En collaboration avec l’Assemblée nationale et le Sénat, la Cour de cassation a organisé fin mai un colloque selon un format inédit réunissant parlementaires, hauts magistrats et universitaires afin de réfléchir sur la place de l’autorité judiciaire dans nos institutions.

S’interrogeant sur l’évolution de notre système judiciaire français, les intervenants ont envisagé dans un premier temps avec beaucoup de réalisme les questions du statut du Parquet, de la responsabilité des juges, de l’ouverture du recrutement des juges et leur formation, ou encore la maîtrise des moyens budgétaires, administratifs et humains des juridictions. Plusieurs pistes d’évolution ont été proposées pour refondre le modèle d’administration de la Justice judiciaire en France, actuellement confié au pouvoir exécutif : de l’extension des pouvoirs du Conseil supérieur de la magistrature à la création d’un Conseil de justice, en passant par l’autonomie budgétaire et la responsabilité du Conseil supérieur de la magistrature devant le Parlement.

Le second temps du colloque, consacré à la mission constitutionnelle de l’autorité judiciaire, a, quant à lui, orienté les échanges sur la question de la reconnaissance de la notion de service public de la justice et sur la nature du contrôle exercé sur les actes judiciaires pour répondre aux attentes des citoyens, tout en respectant l’indépendance garantie à l’autorité judiciaire.

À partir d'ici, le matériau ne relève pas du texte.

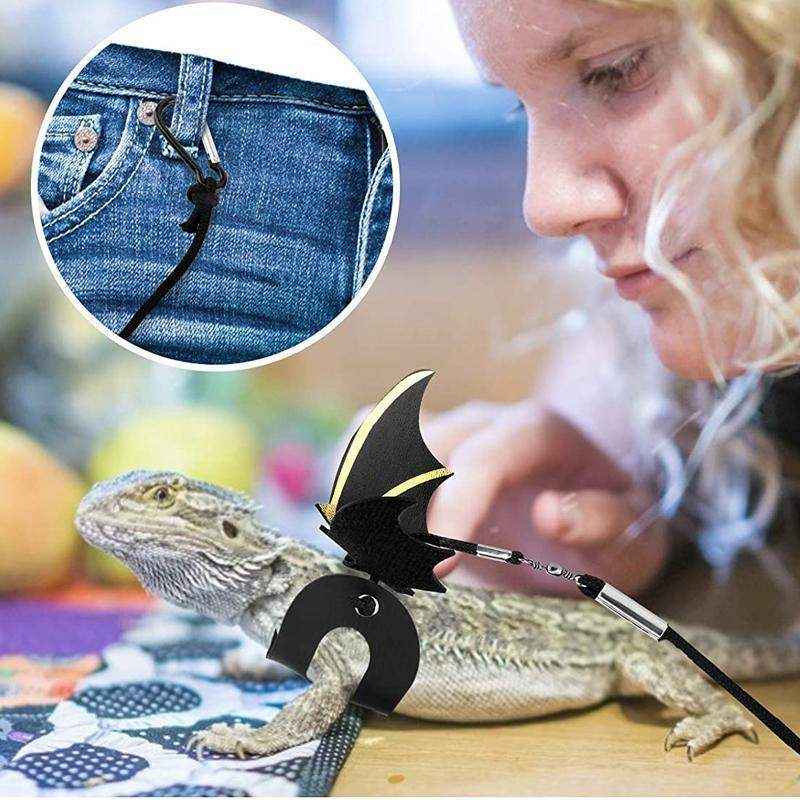 Adjustable Lizard Harness with Cool Leather Wings - Image 12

En conséquence, plusieurs angles d’approche, parfois inspirées d’expériences voisines (justice administrative française ou modèles européens) et plusieurs propositions pour appréhender concrètement ce vaste sujet ; avec en trame de fond, la question incontournable d’un programme budgétaire pluriannuel, indispensable pour faire fonctionner la Justice de manière satisfaisante.

La première demi-journée qui s’est tenue le 25 mai à l’Assemblée nationale avait pour ambition de débattre des modes d’administration de l’autorité judiciaire et de s’interroger sur les enjeux de son évolution. Cette thématique a été déclinée en deux tables rondes : la nomination des magistrats et l’administration des tribunaux et du corps judiciaire.
Le lendemain, cette fois-ci au Sénat, se tenait un second colloque dédié à la mission constitutionnelle de l’autorité judiciaire.

Nous donnons ici les lignes de force des trois discours inauguraux de cette première journée. Le premier émanait du président de l’Assemblée nationale, le second du premier président de la Cour de cassation et le troisième du procureur général près la Cour de cassation.

Trois regards croisés dressant un état des lieux de la place de la Justice judiciaire dans nos institutions mais aussi vis-à-vis des justiciables.

À l’inquiétude ressentie par les parquetiers, relayée par le procureur général de la Cour de cassation, quant à leur statut et au manque de moyens qui leur sont attribués, renvoie celle exprimée par le premier président de la Cour de cassation concernant, en ces périodes troublées, le poids croissant du juge administratif au détriment du juge judiciaire et la question de la nomination des magistrats. De son côté, le président de l’Assemblée nationale rappelle le poids de l’histoire et le rôle de la loi.

• Discours d’ouverture de Claude Bartolone, président de l’Assemblée nationale

Pour un dialogue entre le Parlement et la Justice

Claude Bartolone constate en premier lieu la nécessité politique de faire sortir la réflexion des palais de Justice et de l’échange entre les seuls professionnels du Droit. En effet, interroger la place de l’autorité judiciaire au sein de nos institutions ne peut être réservée aux seuls magistrats, avocats et auxiliaires de justice car elle interroge notre République toute entière. Ainsi, le dialogue ne doit pas se limiter au traditionnel tête-à-tête entre l’exécutif et le législatif, mais doit bel et bien intégrer les échanges entre le Parlement et la justice.

Un rappel historique

Il rappelle ensuite que notre justice contemporaine est l’héritière de l’histoire et s’est bâtie par touches successives. Des parlements de l’Ancien Régime, rejetés pour leur gouvernement des juges, à notre modèle actuel, des juges acquérant une charge de judicature, aux magistrats recrutés aujourd’hui principalement sur concours, en passant par l’expérience révolutionnaire des juges élus, notre pays a expérimenté dans son Histoire, bien des modèles en matière de justice.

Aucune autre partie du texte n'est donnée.